A los poetas siempre les queda un último recurso. ¡Amigo escritor, si tu poesía no le gusta a tu editor, siempre puede declamarla en el Campo Grande de Valladolid a los pavos reales! No pasa nada. Así empezó Clarín y terminó suicidándose.

Cada uno tiene su caché y para no amargarnos, nos recordamos una y otra vez que van Gogh no vendió una morcilla en su vida, y que mira ahora. Lo descubrimos tarde. ¿Seguro? Digamos que generó dinero tarde, cuando el pobre ya había palmado y no podía hacernos cientos de cuadros de girasoles similares. Si le hubiéramos pillado a tiempo…

Pocos artistas ha habido en la historia del arte que hayan sido verdaderamente libres. Pero los ha habido. Casi siempre responden al creador que ha logrado alcanzar un estatus y reconocimiento a partir del cual, hagan lo que hagan, tienen éxito y son apreciados. Dejan de ser deudores de sus intermediarios, e incluso de su público. Hacen lo que quieren, desde el punto de vista creativo, y todo se les perdona y se les compra. Porque son de fulanito.

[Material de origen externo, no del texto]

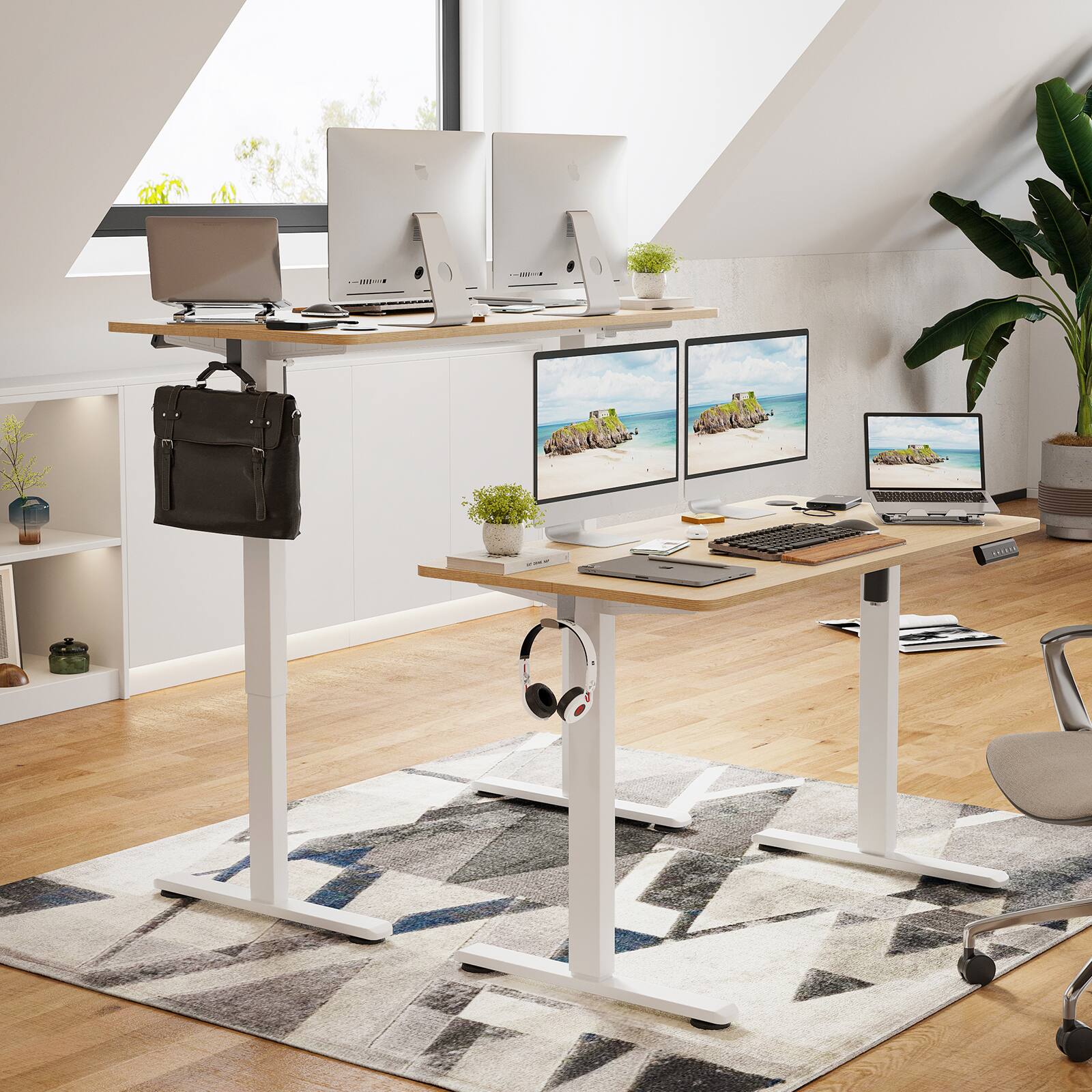Alt View 4. APRILSOUL - Electric Standing Desk Adjustable Height Sit Stand Home Office Board - Brown.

Esto permite a los autores liberados crear sin cortapisas, construir su obra, pintar lo que les da la gana y como les da la gana. O escribir lo que les parezca sin que nadie les diga lo que tienen o no que hacer. Así le sucedió a Victor Hugo, pero no a Cervantes ni a Shakespeare.

Siempre me hace gracia que los mismos que coartan en el presente la libertad de sus artistas en nómina, son los que afirman guardar un amor desmedido por lo que hicieron los genios con toda la libertad del mundo. Y así encontramos al mismo editor que rechazó “Cien años de soledad” o abomina de “Marcel Proust” dando lecciones de lectoescritura a una camarilla de adláteres escritores que trabajan sometidos a él en la editorial equis. Ese mismo editor es además el que otorga los títulos de buenos escritores a los de su pesebre con la concesión de suculentos premios. Si les dices algo te contarán que si el mercado patatín, el mercado patatán. Y que ellos defienden el arte. Pero no es verdad. Lo esquilman sin sostenibilidad para el artista.

Picasso pudo pintar lo que le daba la gana cuando tuvo un estatus de pintor genial. Antes no, pero luego sí. Lo mismo le sucedió a Dali, que firmaba lienzos en blanco para incrementar su cuenta corriente. En la música popular, los Beatles decidieron dejar de actuar en directo y pasaron a experimentar en el estudio de grabación de Abbey Road en Londres, entre otras cosas, porque estaban hasta los mismísimos tarantinos de dar conciertos donde no se escuchaban ni a sí mismos desafinar del griterío que había. Hasta aquí hemos llegado, Paul, dijeron. Y se acabó. Y tres años después “Let it be”.

Los Beatles hicieron lo que quisieron, experimentaron e inventaron como quisieron. Revolucionaron gran parte de la música, y siguieron vendiendo discos. Son seguramente sus mejores discos, los menos comerciales y los más interesantes. Si no hubieran sido tan famosos, no habrían editado ni la mitad de sus discos, y hoy serían un grupo más de los muchos que hubo en los años 60 por la pérfida albión. No habrían salido de su pueblo, vaya. Por muy molonas que sean sus canciones no tendríamos la psicodelia del Sgt Peppers, ni el album blanco, ni habrían llegado a cruzar Abbey Road, frente a los estudios Apple, que ellos mismos fundaron.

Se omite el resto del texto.